Records supplied:
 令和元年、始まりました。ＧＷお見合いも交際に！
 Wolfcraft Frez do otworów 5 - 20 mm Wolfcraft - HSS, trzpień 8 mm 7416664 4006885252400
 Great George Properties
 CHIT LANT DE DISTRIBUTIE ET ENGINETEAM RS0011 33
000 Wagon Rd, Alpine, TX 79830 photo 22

---

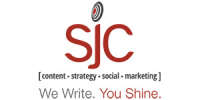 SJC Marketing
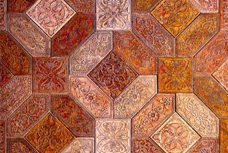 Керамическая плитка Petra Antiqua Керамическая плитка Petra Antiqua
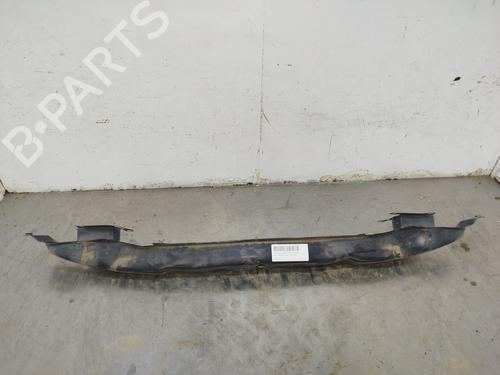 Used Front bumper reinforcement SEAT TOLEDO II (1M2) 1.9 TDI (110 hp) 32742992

The problem: In the entries above, find the line with "Wolfcraft Frez do" and the line with "000 Wagon Rd, Alpine, TX 79830 photo 22", then restate word for word both of them and every line between, with nothing more.

Solution:
 Wolfcraft Frez do otworów 5 - 20 mm Wolfcraft - HSS, trzpień 8 mm 7416664 4006885252400
 Great George Properties
 CHIT LANT DE DISTRIBUTIE ET ENGINETEAM RS0011 33
000 Wagon Rd, Alpine, TX 79830 photo 22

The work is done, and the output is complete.